Boosting, bagging and bragging applied to nonparametric regression : an empirical approach
Abstract
The purpose of this study is to determine the effect of improvement methods such as boosting, bagging, bragging (a variation of bagging), as well as combinations of these methods, on nonparametric kernel regression. The improvement methods are applied to the Nadaraya-Watson (N-W) kernel regression estimator, where the bandwidth is tuned by minimizing the cross-validation function. It is known that the N-W estimator is associated with variance related drawbacks. Marzio and Taylor (2008), Hall and Robinson (2009) and Swanepoel (1988, 1990) introduced boosting, bagging and bragging methods to the field of kernel regression. In the current study combinations of boosting, bagging and bragging methods are explored to determine the effect of the methods on the variability of the N-W regression estimator.
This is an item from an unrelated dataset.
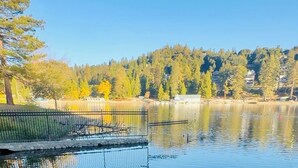 A serene lakeside view with a dock, trees, and a clear sky.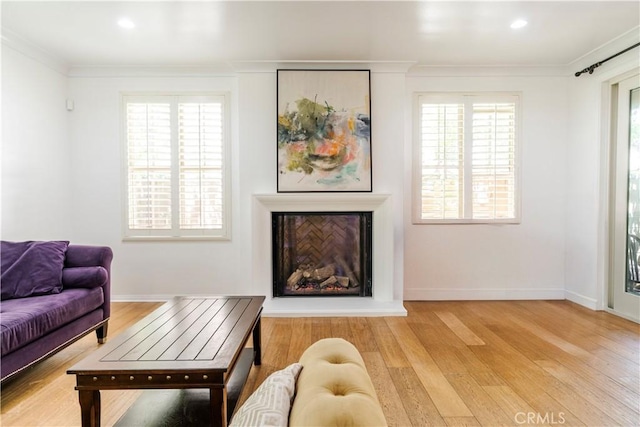 320 Bronze, Irvine, CA 92618 - living area with ornamental molding, a fireplace with raised hearth, light wood finished floors, plenty of natural light, and recessed lighting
A variety of methods are utilized to determine the bandwidth, by minimizing the cross-validation function. The different resulting regression estimates are evaluated by minimizing the global MISE discrepancy
measure. Boosting is a general method for improving the accuracy of any given learning algorithm and has its roots in machine learning. However, due to various authors' contributions to the development of the methodology and theory of boosting, its applications expanded to a wide range of fields. For example, boosting has been shown in the literature to improve the Nadaraya-Watson learning algorithm. Bagging, an acronym for bootstrap aggregating, is a method involving the generation of multiple versions of a predictor. These replicates are used to get an aggregated estimator. In the regression setting, the aggregation calculates an average over multiple versions which are obtained by applying the bootstrap principle, i.e. by drawing bootstrap samples from the original training set and using these bootstrap samples as new training sets (Swanepoel 1988, 1990, Breiman 1996a). We also apply some modifications of the method such as bragging where, instead of the average, a robust estimator is calculated by using the bootstrap samples. Boosting, bagging and bragging methods can be seen as ensemble methods. Ensemble methods train multiple component learners and then combine their predictions. The generalization ability of an ensemble is often significantly better than that of a single learner. Results and conclusions verifying existing literature are provided, as well as new results for
the new methods.